Boron-doped bismuth oxybromide microspheres with enhanced surface hydroxyl groups: Synthesis, characterization and dramatic photocatalytic activity

ZhangSheng Liu; JinLong Liu; HaiYang Wang; Gang Cao; JiNan Niu

doi:10.1016/j.jcis.2015.10.028

Boron-doped bismuth oxybromide microspheres with enhanced surface hydroxyl groups: Synthesis, characterization and dramatic photocatalytic activity

J Colloid Interface Sci. 2016 Feb 1:463:324-31. doi: 10.1016/j.jcis.2015.10.028. Epub 2015 Oct 22.

Authors

ZhangSheng Liu¹, JinLong Liu², HaiYang Wang², Gang Cao², JiNan Niu²

Affiliations

¹ School of Material Science and Engineering, China University of Mining and Technology, XuZhou 221116, China.
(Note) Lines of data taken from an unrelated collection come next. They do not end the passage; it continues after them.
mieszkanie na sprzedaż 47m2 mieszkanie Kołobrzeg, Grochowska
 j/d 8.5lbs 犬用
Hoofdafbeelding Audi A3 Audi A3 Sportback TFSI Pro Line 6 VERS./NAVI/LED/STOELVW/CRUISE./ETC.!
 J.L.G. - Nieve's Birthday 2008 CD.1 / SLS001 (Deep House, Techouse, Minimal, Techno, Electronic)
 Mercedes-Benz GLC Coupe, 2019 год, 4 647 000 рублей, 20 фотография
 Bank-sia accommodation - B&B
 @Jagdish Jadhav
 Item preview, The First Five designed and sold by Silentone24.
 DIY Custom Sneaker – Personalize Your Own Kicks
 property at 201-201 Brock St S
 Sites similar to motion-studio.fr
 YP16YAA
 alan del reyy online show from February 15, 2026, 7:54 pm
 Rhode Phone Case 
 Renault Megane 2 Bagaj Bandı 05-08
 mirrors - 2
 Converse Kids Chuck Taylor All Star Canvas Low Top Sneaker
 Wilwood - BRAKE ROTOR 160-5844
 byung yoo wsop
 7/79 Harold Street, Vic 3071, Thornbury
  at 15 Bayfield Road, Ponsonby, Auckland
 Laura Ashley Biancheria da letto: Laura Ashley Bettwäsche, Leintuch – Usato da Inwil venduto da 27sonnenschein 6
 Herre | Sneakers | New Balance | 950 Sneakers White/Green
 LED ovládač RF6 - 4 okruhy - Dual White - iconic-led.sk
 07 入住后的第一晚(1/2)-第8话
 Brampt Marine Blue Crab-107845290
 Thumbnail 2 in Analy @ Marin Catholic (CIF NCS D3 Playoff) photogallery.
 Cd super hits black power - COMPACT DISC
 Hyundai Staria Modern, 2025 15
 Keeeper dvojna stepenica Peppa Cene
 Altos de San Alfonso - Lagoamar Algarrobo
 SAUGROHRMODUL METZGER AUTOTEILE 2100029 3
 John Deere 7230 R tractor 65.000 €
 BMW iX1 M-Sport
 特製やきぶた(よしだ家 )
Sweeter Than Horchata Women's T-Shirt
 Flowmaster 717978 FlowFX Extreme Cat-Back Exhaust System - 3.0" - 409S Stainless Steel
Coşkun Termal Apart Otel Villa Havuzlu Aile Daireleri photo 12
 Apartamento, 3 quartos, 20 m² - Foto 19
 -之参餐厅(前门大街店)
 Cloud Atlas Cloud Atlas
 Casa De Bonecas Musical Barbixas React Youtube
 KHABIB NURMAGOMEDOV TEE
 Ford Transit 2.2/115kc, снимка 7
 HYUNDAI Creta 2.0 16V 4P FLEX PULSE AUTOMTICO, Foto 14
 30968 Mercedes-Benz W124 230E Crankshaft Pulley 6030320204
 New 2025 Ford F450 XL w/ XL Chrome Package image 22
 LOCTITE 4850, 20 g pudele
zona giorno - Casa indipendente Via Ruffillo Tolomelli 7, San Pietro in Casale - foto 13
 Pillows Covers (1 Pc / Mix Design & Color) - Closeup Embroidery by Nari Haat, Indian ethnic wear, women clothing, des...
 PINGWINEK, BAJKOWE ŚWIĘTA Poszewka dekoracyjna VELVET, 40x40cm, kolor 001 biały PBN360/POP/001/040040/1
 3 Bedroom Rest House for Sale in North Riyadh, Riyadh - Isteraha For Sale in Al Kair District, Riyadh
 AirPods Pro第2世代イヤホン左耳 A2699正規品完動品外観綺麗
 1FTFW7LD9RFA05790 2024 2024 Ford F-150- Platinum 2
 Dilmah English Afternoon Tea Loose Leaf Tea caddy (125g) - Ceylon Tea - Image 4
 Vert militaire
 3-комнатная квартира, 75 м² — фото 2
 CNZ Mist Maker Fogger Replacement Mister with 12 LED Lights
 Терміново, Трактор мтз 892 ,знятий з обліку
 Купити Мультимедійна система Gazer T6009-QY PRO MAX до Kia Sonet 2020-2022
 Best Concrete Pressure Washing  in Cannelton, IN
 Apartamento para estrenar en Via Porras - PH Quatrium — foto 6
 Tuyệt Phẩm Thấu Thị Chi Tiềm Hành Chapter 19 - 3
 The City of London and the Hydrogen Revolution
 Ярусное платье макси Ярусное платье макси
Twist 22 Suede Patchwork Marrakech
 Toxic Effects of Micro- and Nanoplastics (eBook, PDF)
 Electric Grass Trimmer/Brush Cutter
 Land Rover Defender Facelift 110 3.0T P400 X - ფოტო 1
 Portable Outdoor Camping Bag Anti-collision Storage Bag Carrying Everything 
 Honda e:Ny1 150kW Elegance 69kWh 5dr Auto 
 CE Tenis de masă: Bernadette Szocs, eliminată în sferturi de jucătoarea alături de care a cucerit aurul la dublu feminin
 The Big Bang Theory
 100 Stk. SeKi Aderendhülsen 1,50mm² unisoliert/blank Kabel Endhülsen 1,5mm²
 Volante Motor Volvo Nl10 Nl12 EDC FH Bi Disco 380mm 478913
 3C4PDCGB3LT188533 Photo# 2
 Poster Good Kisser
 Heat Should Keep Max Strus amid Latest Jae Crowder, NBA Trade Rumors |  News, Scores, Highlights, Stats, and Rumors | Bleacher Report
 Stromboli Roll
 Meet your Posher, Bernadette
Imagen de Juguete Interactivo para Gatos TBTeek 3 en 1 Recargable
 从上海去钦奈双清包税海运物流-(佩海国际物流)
Electronic address: lzsliu2008@hotmail.com.
² School of Material Science and Engineering, China University of Mining and Technology, XuZhou 221116, China.

PMID: 26590875
DOI: 10.1016/j.jcis.2015.10.028

Abstract

B-doped BiOBr photocatalysts were successfully synthesized via a facile solvothermal method with boric acid used as boron source. As-obtained products consist of novel hierarchical microspheres, whose nanosheet building units were formed by nanoparticles splicing. They showed dramatic photocatalytic efficiency toward the degradation of Rhodamine B (RhB) and phenol under the visible-light irradiation and the highest activity was achieved by 0.075B-BiOBr. The enhanced photocatalytic activity could be attributed to the enriched surface hydroxyl groups on B-doped BiOBr samples, which not only improved the adsorption of pollutant on the photocatalyst but also promoted the separation of photogenerated electron-hole pairs. In addition, it was found that the main reactive species responsible for the degradation of organic pollutant were h(+) and O2(-) radicals, instead of OH radicals.

Keywords: BiOBr; Microstructure; Photocatalytic activity; Solvothermal.